KeyError: "Key 'Patrick_Nyarko' not present"

In [62]:
analogy_scores = (wv_model.evaluate_word_analogies(datapath('questions-words.txt'),dummy4unknown=True))


KeyError: "Key 'Patrick_Nyarko' not present"

**2b.** Please answer in writing the following questions:
* What is the meaning of the first line of `questions-words-100.txt`?
* How many analogies are there in the original `questions-words.txt`?
* How much time would it take to solve the original set of analogies?

In [None]:
# Please write your answers here.


**2c.** The built-in function from Gensim has several weaknesses, which you will address here.  Please copy the source code of the function `evaluate_word_analogies` from the file `gensim\models\keyedvectors.py` and create here a new function which will improve the built-in one as follows.  The function will be called `my_evaluate_word_analogies` and you will also pass it the model as the first argument.  Overall, please proceed gradually and only make minimal modifications, to ensure you don't break the function.  It is important to first understand the structure of the result, `analogies_scores` and `sections`. 

* Modify the line where `section[incorrect]` is assembled in order to also add to each analogy the *incorrect guess* (i.e. what the model thought was the good answer, but got it wrong).

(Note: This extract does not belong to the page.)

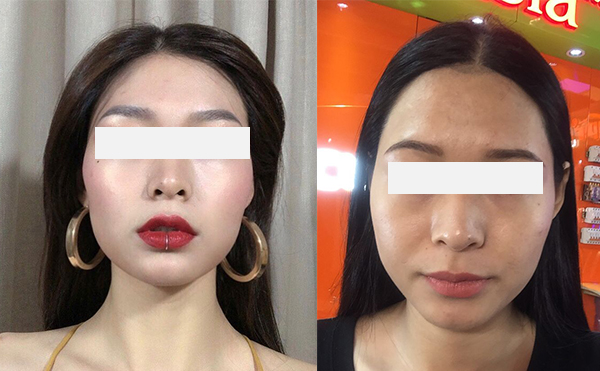 激光脫發(fā)際線效果怎么樣？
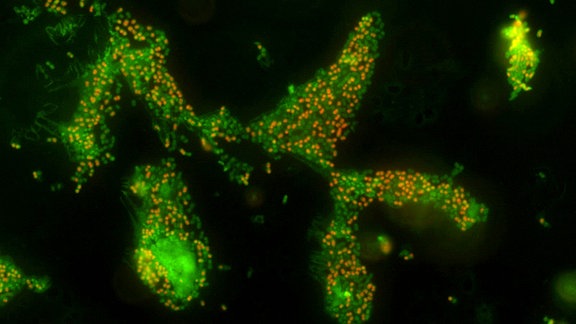 Bei Stress durch hohe Salzkonzentrationen sterben nach einigen Tagen zwar eine Reihe der kultivierten Acinetobacter baumannii-Bakterien ab (orange Punkte), viele leben jedoch in einer Art Tiefschlaf (VNBC, grüne Punkte) weiter.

* Modify the code so that when `section[incorrect]` is assembled, you also add the *rank of the correct answer* among the candidates returned by the system (after the incorrect guess).  If the correct answer is not present at all, then code the rank as 0.

In [None]:
def my_evaluate_word_analogies(model, analogies, restrict_vocab=300000, case_insensitive=True):


**2d.** Please run the `my_evaluate_word_analogies` function on `questions-words-100.txt` and then write instructions to display, from the results stored in `analogy_scores`:
* one incorrectly-solved analogy (selected at random), including also the error made by the model and the rank of the correct answer, thus adding:
  - a fifth word, which is the incorrect one found by the model
  - a sixth term, which is the integer indicating the rank (or 0)
* one correctly-solved analogy selected at random (in principle, four terms).

In [None]:
# Please write your Python code below and execute it.


**2e.** Please write a function to compute the MRR score given a structure with correctly and incorrectly solved analogies, such as the one that is found in the results from `evaluate_word_analogies`.  The structure is not divided into categories.

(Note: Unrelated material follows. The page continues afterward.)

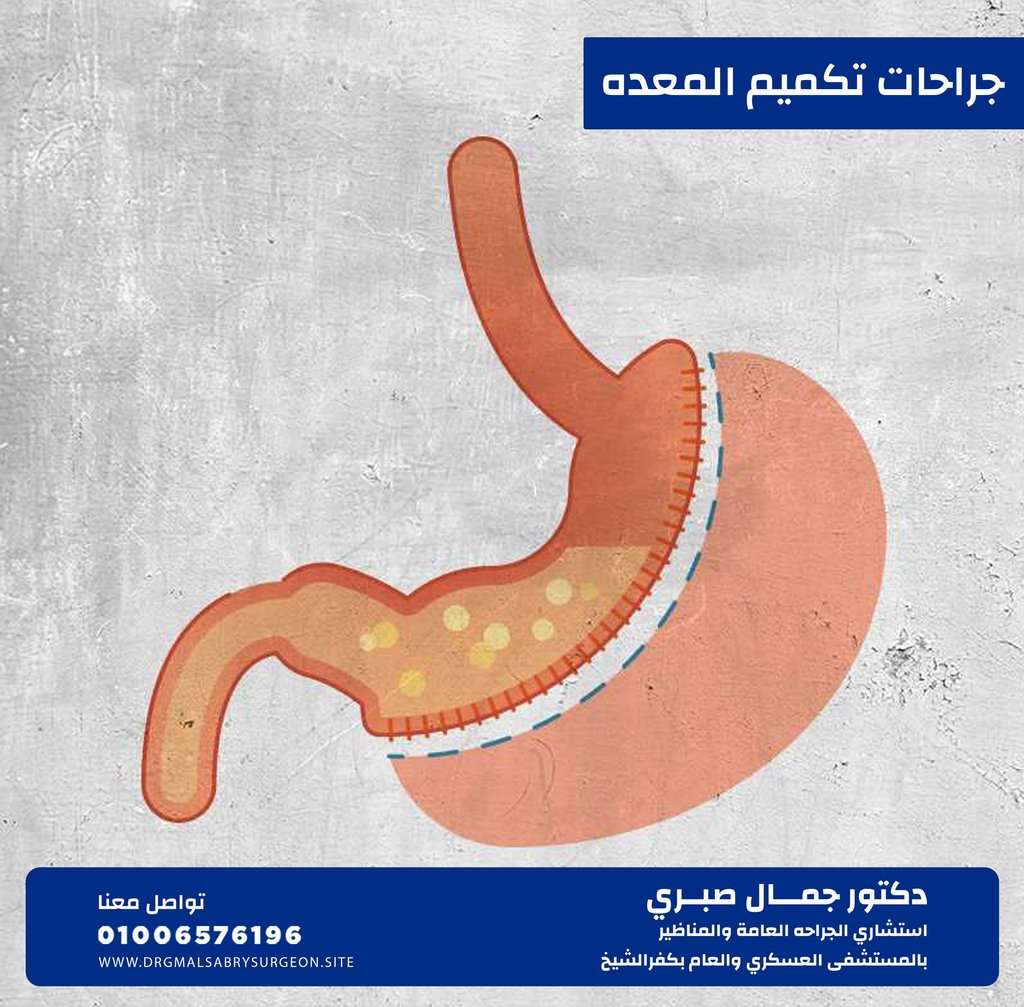 جراحات تكميم المعده كفرالشيخ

The Mean Reciprocal Rank (please use the [formula here](https://en.wikipedia.org/wiki/Mean_reciprocal_rank)) gives some credit for incorrectly solved analogies, in inverse proportion to the rank of the correct answer among the candidates.  This rank is 1 for correctly solved analogies (full credit), and 1/k (or 0) for incorrectly solved ones.

In [None]:
# Please define here the function that computes MRR from the information stored in analogy_scores
def myMRR(analogies):


In [None]:
# Please test your MRR function by running the following code, which  displays the total number of analogy tasks, 
# the number of different categories (sections), the accuracy of the results (total number of correctly 
# solved analogies), and the MRR score of the results:
print("Total number of analogies:",  # The last dictionary is the total
      len(analogy_scores[1][-1]['correct']) + 
      len(analogy_scores[1][-1]['incorrect']))
print("Total number of categories:", len(analogy_scores[1]) - 1) # the "total" is excluded 
print(f"Overall accuracy: {analogy_scores[0]:.2f} and MRR: {myMRR(analogy_scores[1][-1]):.2f}")

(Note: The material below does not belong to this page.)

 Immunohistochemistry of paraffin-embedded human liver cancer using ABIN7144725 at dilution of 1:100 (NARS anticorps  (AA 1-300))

**2f.** When you have some time, please compute the accuracy and MRR and the total time for the entire `questions-words.txt` file.  Is the timing compatible with your estimate from (2b)?  What do you think about the difference between accuracy and MRR? 

In [None]:
# Please write your Python code below and execute it.


In [None]:
# Please write you answer here.

## End of AdvNLP Lab 2
Please make sure all cells have been executed, save this completed notebook, and upload it to Moodle.